About this exercise >> Give again only what runs from the line with "17850 N 68th" to the final line of the entries below, exactly as written and without pictures.
Records supplied Block Start
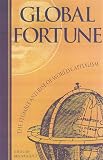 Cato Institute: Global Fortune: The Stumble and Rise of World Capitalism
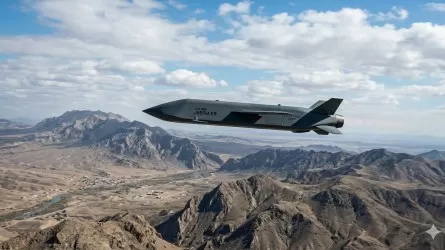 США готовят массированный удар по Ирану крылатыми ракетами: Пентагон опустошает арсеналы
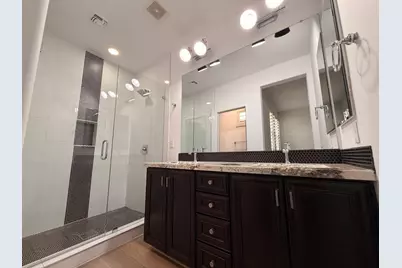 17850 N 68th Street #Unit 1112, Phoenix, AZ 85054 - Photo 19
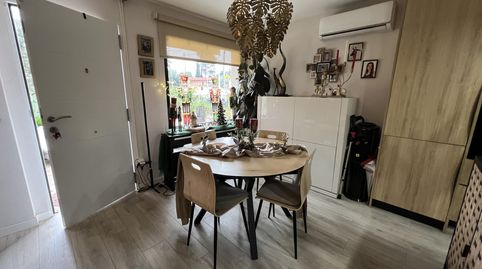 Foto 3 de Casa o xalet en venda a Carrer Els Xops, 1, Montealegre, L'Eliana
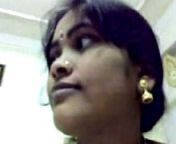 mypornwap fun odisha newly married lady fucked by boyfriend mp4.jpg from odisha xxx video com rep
Records supplied Block End
Solution for this problem >>
 17850 N 68th Street #Unit 1112, Phoenix, AZ 85054 - Photo 19
 Foto 3 de Casa o xalet en venda a Carrer Els Xops, 1, Montealegre, L'Eliana
 mypornwap fun odisha newly married lady fucked by boyfriend mp4.jpg from odisha xxx video com rep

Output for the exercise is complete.